Dans sa demande d’aide, le jeune doit présenter un Plan d’entreprise (PE). Le PE remplace le précédent PDE (Plan de développement de l’exploitation). Il décrit de manière synthétique le projet d’installation et précise la situation initiale de l’exploitation, les étapes et les objectifs de développement. Le PE porte sur une durée de 4 ans, contre 5 pour le PDE. Seuls les dossiers complets seront instruits et tout dossier incomplet fera l’objet d’un courrier de demande de pièces complémentaires. L’obtention des aides DJA (Dotation jeunes agriculteurs) est conditionnée à la validation de ce PE.

Activité minimale d’assujettissement

Pour accéder à la DJA, le dossier doit également respecter certaines conditions comme l’AMA (Activité minimale d’assujettissement) et la taille économique de l’exploitation. L’AMA, qui remplace l’ancienne SMI (Surface minimale d’installation) est atteinte si l’un des trois critères suivant est respecté : * soit le jeune dispose de la Surface minimale d’assujettissement (SMA); * soit son temps de travail nécessaire à l’activité est supérieur ou égal à 1200 h/an; * soit il atteint le revenu professionnel minimum. S’il est respecté, le seul critère de la SMA, reste suffisant pour s’installer. Le nouveau critère de l’AMA permet de mieux tenir compte de la diversification (transformation, commercialisation, tourisme, etc.).

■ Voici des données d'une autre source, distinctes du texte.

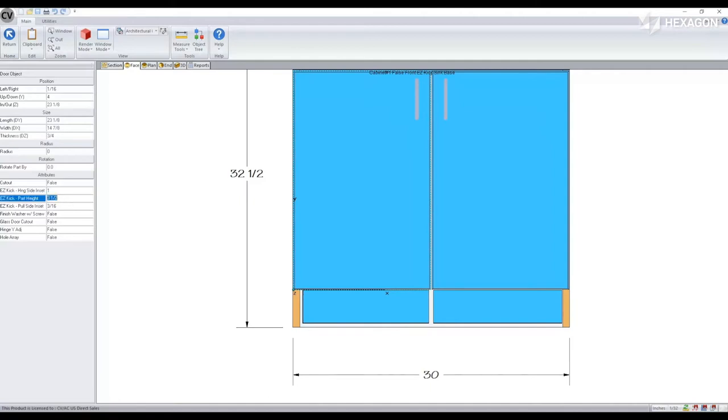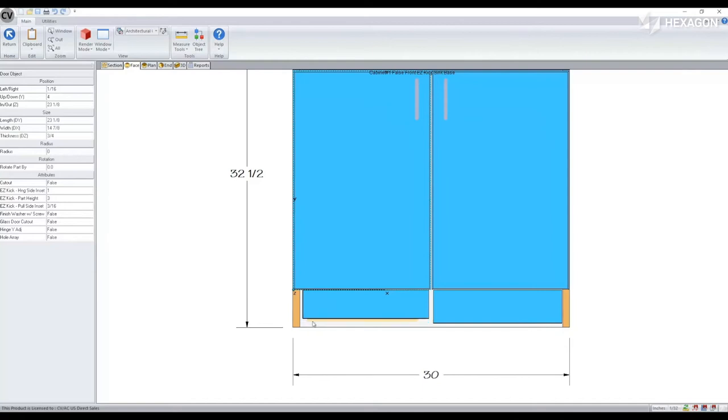Our part height is calculating based off of what I've set my assembly toe height to be, and it's also allowing for a 1.5 mm reveal at the top. So if I modify this to be 3 inches, we'll notice that distance comes off the bottom. You'll have to be careful that you don't make that too small that the bracket is exposed.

Concernant la taille économique, le critère utilisé est celui de la Production brute standard (PBS), qui estime une valeur économique pour chaque atelier de production, selon ses effectifs animaux ou ses surfaces agricoles. Le plafond de calcul de la PBS s’applique à l’associé-exploitant et non à l’exploitation dans sa globalité. Depuis 2015, la DJA est à nouveau versée en 2 fois pour les installations à titre principal et secondaire, 80 % à l’installation et les 20 % restants à l’issue du PE. Pour les installations progressives, la DJA est versée en 3 fois (50 % à l’installation, 30 % la 3e année et 20 % à l’issue du PE).

Socle et modulations

Les montants de la DJA sont actés par les conseils régionaux, du fait de la régionalisation des aides du second pilier de la PAC dans lequel s’inscrivent les aides à l’installation. Dans la Vienne, la DJA en zone de plaine est de 9000€ et de 11000€ dans les zones dites défavorisées. À ce montant de base, peut s’ajouter une majoration régionale de 35% de la DJA si le projet du jeune concerne une installation en élevage. Le jeune peut demander des modulations supplémentaires à sa DJA, en fonction de son plan d’entreprise. Le cadre national prévoit ainsi des majorations obligatoires dans toutes les régions, même si ce sont les conseils régionaux qui actent le pourcentage de chacune de ces majorations obligatoires. En Poitou-Charentes, un jeune pourra donc avoir une ou plusieurs majoration(s) pour : installation hors cadre familial (+20% de la DJA), projet agro-écologique (+15%), projet générateur de valeur ajoutée et d’emploi (+15%).